Let $m$ and $n$ be positive integers, let $C_m$ be the cyclic group of order $m$ and $B = C_m\times\dots\times C_m$ be the direct product of $n$ copies of $C_m$. For each divisor $p$ of $m$ define the group $A(m, p, n)$ by $$ A(m, p, n) = \left\{\ (\theta_1, \theta_2, \dots , \theta_n) \in B \ \Big|\ (\theta_1\theta_2\dots\theta_n)^{m/p} = 1\ \right\} \ . $$ It follows that $A(m, p, n)$ is a subgroup of index $p$ in $B$ and the symmetric group $\operatorname{Sym}(n)$ acts naturally on $A(m, p, n)$ by permuting the coordinates. $G(m, p, n)$ is defined to be the semidirect product of $A(m, p, n)$ by $\operatorname{Sym}(n)$. It follows that $G(m, p, n)$ is a normal subgroup of index $p$ in the wreath product $C_m ≀ \operatorname{Sym}(n)$ and thus has order $m^n\;n!/p$.

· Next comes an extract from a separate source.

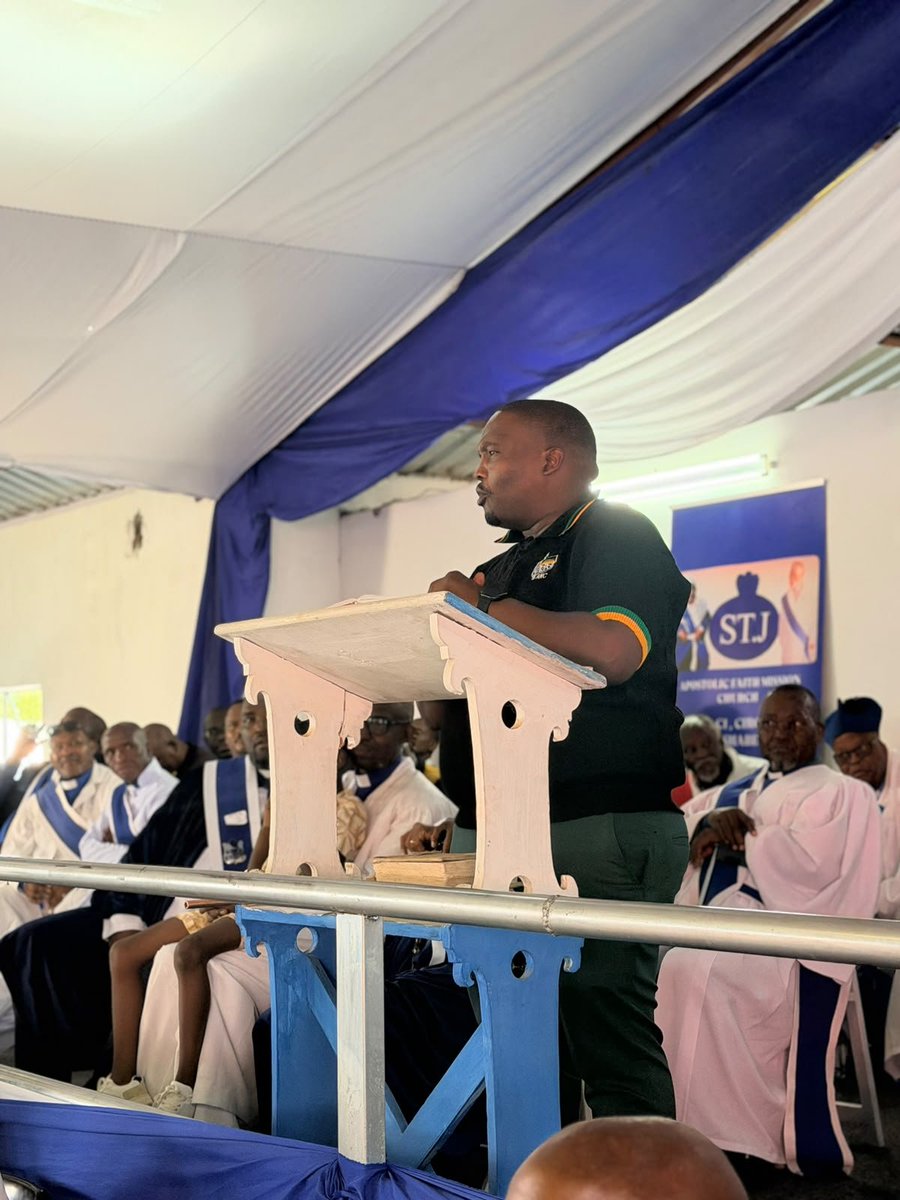 ANCFS's tweet photo. ANC Free State Provincial Treasurer, Cde Mathabo Hlalele, along with PEC member Cde Mapule Dlhamini and Mangaung Regional Deputy Secretary Cde Lulama Titi-Odili, honoured the invitation of St John’s Apostolic Faith Mission Church of Southern Africa in Botshabelo, Mangaung Region. https://t.co/s6JJtudOL8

It is well known that these groups can be realized as finite subgroups of $GL_n(\Bbb C)$, specifically as $n \times n$ matrices with exactly one non-zero entry, which is a complex $m$-th root of unity, in each row and column such that the product of the entries is a complex $(m/p)$th root of unity. Thus the groups $G(m, p, n)$ are sometimes referred to as monomial reflection groups.